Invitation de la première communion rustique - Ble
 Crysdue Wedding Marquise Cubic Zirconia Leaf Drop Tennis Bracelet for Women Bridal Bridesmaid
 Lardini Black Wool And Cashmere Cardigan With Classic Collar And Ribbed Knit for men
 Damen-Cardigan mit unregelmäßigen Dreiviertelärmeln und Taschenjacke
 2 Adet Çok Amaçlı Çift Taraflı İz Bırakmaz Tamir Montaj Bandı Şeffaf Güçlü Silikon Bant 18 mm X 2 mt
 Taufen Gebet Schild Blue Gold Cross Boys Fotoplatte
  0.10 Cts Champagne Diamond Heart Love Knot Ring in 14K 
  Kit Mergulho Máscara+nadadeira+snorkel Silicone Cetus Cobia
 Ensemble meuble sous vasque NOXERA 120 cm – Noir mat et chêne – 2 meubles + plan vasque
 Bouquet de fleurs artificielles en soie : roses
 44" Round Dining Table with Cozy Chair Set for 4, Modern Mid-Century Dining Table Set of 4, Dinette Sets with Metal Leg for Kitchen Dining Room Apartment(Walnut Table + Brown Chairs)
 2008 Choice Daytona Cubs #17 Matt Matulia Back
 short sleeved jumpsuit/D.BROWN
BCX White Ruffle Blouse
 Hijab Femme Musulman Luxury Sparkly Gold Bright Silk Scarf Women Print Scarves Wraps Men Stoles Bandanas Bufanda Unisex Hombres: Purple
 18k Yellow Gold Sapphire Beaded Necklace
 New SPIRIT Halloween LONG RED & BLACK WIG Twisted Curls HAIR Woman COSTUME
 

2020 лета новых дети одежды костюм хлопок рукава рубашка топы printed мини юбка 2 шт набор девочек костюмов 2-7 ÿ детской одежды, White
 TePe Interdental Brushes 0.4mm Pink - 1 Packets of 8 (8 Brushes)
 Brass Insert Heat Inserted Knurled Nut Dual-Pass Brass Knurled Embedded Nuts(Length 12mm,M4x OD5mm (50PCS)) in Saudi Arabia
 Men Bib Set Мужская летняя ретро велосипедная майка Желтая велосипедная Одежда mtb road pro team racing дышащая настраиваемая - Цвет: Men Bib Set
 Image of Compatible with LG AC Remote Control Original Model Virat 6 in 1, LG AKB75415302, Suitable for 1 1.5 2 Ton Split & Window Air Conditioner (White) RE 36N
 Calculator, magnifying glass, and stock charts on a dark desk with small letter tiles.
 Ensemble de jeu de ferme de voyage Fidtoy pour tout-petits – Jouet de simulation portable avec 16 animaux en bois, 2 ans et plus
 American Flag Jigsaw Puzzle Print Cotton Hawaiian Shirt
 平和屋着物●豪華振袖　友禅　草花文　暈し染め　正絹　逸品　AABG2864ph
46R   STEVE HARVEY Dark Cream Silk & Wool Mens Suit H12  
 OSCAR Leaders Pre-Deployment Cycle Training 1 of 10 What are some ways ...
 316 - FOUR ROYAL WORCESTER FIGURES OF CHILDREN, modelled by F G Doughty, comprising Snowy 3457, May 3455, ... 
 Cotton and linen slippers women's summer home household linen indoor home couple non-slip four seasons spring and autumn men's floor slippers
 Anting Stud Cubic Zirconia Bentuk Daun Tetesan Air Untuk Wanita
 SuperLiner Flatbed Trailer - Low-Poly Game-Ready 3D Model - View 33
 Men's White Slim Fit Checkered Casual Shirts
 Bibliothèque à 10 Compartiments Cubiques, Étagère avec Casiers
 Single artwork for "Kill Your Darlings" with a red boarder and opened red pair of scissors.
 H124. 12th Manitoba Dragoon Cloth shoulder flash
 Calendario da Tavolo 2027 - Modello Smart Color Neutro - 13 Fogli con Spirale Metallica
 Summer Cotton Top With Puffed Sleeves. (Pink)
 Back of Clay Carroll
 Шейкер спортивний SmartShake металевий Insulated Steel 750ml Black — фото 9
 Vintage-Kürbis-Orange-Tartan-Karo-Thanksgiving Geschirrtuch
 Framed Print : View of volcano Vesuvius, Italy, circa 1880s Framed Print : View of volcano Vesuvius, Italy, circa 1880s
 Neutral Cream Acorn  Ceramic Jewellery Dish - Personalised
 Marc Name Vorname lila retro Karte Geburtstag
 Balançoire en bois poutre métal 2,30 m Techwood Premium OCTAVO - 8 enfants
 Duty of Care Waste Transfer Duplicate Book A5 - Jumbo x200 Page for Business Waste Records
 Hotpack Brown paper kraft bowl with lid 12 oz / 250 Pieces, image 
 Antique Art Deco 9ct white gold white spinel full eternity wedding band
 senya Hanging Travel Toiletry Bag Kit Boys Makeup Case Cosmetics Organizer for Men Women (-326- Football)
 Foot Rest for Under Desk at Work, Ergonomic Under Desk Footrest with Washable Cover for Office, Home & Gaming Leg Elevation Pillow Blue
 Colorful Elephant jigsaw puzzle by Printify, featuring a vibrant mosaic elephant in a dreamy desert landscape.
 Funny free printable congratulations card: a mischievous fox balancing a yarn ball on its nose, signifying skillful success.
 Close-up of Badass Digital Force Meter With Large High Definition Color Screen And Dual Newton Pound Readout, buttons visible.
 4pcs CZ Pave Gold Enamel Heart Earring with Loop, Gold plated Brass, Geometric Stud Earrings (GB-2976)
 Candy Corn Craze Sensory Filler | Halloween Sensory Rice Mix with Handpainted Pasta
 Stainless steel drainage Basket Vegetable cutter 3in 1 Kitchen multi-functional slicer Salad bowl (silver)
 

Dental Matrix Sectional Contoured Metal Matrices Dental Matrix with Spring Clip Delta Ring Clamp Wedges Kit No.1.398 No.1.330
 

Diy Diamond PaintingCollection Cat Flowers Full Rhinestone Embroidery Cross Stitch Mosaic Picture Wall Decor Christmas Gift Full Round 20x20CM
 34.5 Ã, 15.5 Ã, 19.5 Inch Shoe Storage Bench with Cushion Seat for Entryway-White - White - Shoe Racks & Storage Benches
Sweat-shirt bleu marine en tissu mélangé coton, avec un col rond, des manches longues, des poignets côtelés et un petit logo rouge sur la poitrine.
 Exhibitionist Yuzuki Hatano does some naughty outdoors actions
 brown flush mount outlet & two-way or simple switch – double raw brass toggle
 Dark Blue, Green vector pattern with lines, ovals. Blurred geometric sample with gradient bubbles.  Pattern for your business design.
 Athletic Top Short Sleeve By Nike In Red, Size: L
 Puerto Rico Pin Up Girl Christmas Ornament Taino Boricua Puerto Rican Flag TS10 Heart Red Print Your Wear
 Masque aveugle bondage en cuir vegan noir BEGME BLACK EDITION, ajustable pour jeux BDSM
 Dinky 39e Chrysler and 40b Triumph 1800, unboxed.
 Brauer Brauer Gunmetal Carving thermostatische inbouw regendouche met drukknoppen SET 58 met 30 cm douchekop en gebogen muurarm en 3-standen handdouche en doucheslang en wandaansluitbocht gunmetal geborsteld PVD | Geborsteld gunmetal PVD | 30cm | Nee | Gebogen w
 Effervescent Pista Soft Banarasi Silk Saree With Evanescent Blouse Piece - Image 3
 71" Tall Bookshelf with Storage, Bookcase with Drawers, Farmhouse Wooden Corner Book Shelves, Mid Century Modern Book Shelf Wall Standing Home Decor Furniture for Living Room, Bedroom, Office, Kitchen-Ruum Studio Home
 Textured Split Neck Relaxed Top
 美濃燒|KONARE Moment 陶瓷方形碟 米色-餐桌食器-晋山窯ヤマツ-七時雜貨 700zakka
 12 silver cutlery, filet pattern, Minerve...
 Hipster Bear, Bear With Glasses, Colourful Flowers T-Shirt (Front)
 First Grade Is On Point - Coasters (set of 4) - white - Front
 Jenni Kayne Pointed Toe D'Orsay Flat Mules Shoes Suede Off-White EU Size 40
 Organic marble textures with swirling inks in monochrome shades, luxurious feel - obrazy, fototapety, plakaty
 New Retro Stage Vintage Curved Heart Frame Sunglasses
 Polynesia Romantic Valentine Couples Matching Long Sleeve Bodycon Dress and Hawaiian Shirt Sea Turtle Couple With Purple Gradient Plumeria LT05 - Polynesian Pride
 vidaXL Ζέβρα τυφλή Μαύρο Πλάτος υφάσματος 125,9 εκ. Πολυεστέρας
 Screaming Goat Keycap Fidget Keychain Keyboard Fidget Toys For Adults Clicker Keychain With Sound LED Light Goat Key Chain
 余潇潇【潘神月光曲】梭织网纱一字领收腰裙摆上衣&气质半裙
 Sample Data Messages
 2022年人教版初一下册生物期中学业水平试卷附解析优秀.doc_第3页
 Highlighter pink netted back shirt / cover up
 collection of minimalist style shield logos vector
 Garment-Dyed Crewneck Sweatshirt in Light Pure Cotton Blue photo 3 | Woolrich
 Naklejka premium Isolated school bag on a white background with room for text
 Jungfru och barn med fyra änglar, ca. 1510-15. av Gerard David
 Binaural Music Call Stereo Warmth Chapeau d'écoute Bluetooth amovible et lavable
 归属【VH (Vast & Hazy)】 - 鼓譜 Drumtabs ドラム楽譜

# # #

§ Problem to solve
Set down, exactly as they appear above, all lines from the one that has "4pcs CZ Pave" down to the one that has "Dark Blue, Green", including those two and no others.

§ Exercise result
 4pcs CZ Pave Gold Enamel Heart Earring with Loop, Gold plated Brass, Geometric Stud Earrings (GB-2976)
 Candy Corn Craze Sensory Filler | Halloween Sensory Rice Mix with Handpainted Pasta
 Stainless steel drainage Basket Vegetable cutter 3in 1 Kitchen multi-functional slicer Salad bowl (silver)
 

Dental Matrix Sectional Contoured Metal Matrices Dental Matrix with Spring Clip Delta Ring Clamp Wedges Kit No.1.398 No.1.330
 

Diy Diamond PaintingCollection Cat Flowers Full Rhinestone Embroidery Cross Stitch Mosaic Picture Wall Decor Christmas Gift Full Round 20x20CM
 34.5 Ã, 15.5 Ã, 19.5 Inch Shoe Storage Bench with Cushion Seat for Entryway-White - White - Shoe Racks & Storage Benches
Sweat-shirt bleu marine en tissu mélangé coton, avec un col rond, des manches longues, des poignets côtelés et un petit logo rouge sur la poitrine.
 Exhibitionist Yuzuki Hatano does some naughty outdoors actions
 brown flush mount outlet & two-way or simple switch – double raw brass toggle
 Dark Blue, Green vector pattern with lines, ovals. Blurred geometric sample with gradient bubbles.  Pattern for your business design.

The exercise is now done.